<<<<

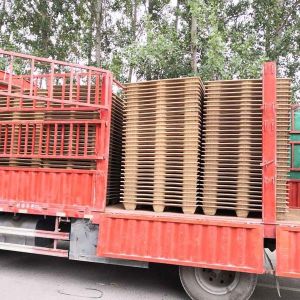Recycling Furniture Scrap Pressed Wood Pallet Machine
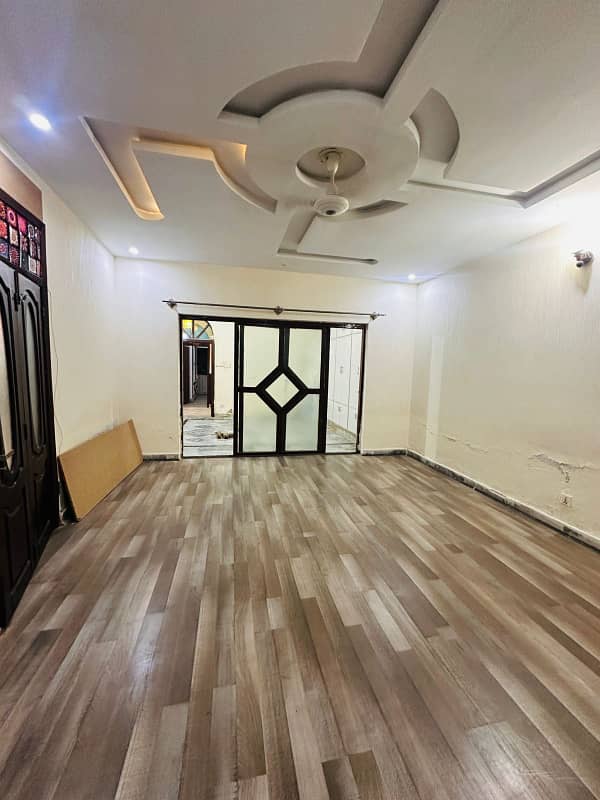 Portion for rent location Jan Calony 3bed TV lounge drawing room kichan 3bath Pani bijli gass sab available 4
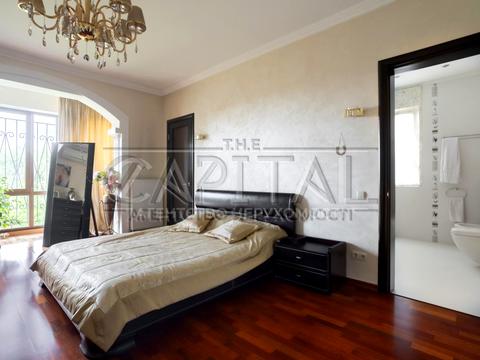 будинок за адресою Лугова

>>>>

WHAT YOU WILL DO
The answer should contain every line of the material exactly as written and no pictures.

WRITTEN SOLUTION
Recycling Furniture Scrap Pressed Wood Pallet Machine
 Portion for rent location Jan Calony 3bed TV lounge drawing room kichan 3bath Pani bijli gass sab available 4
 будинок за адресою Лугова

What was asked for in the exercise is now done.